Our aim is to distinguish different ideas that underlie the use of such
terms as co-operation, participation, collaboration, democracy and community in
learning designs and in descriptions of practice. We have chosen the term ‘discourses’ because this implies that
they are not simply descriptions but imply an intention to ‘shape’ the social relations
in which students and teachers are involved.
The examples are mostly taken from networked
learning. The account which follows
inevitably obscures some differences and exaggerates others but there is a
sense in the literature and in our own practice, of quite different ideas – pedagogical and ideological – which are
present in the way people write about ‘participative’ approaches to
learning. From a pedagogical perspective, participative approaches may be adopted
because they are seen as most likely to support learning. Such approaches may be based on
psychological principles (the motivational ‘school’ of theory and practice) but
may also indicate attempts to manipulate learners by creating an impression of
involvement through a superficial application of 'participative' methods (the instrumental
approach). From an ideological perspective, participative approaches may be adopted
because they are believed to transmit the same social and political values
necessary for the development of 'citizenship', which in turn is believed
necessary to support a more democratic society.
These values are most clearly seen in the rationale for student centred
learning approaches and, more recently, in 'learning communities', both of
which owe much of their inheritance to the traditions of 'democracy' in
education. On the basis of our own
practice and from accounts in the literature, we have tentatively identified
four distinct versions of ‘participative’ discourses which we have called
Instrumental, Emancipatory,Communitarian
and Cosmopolitan.
This is the approach in which teams, groups and even the idea of
‘community’ is used as a motivational device. While the instrumental approach may seem
more interactive than conventional teaching methods, the structure of the
course, the methods and curriculum are determined by teachers. They select materials unilaterally, and
there are some fairly normative values about how groups should work which are conveyed and reinforced by the reward
process. If such a course is described
by the tutors as ‘participative’ you would at least have to ask ‘participating
in what, exactly?’. A distinction we
find useful throughout this analysis is between the direction of students’

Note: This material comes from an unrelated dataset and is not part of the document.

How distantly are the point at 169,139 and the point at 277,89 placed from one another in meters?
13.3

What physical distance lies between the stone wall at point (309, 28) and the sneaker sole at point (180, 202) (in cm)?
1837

activities within the structure of the course and the methods used and the
selection of frameworks, concepts and theories that are intended to shape their
ideas and assumptions.
Emancipatory
This perspective is illustrated by writers who view CMC as a means by
which hierarchical power differentials can be leveled out amongst networked
individuals. Ng(2001)
for example refers to a collaborative learning experience in which
‘participants can relate to one another and share a sense of community and a
common goal’.
This is perhaps where most ‘participative’ practice lies. It differs from the Instrumental approach in
that there is a belief in the possibility and the value of people learning from
each other and that this not only enhances learning but also facilitates
individual development beyond the classroom and the immediate focus of
study. The language of ‘development’
and ‘growth’, with its roots in democratic education and learner-centredness
would probably characterise this approach.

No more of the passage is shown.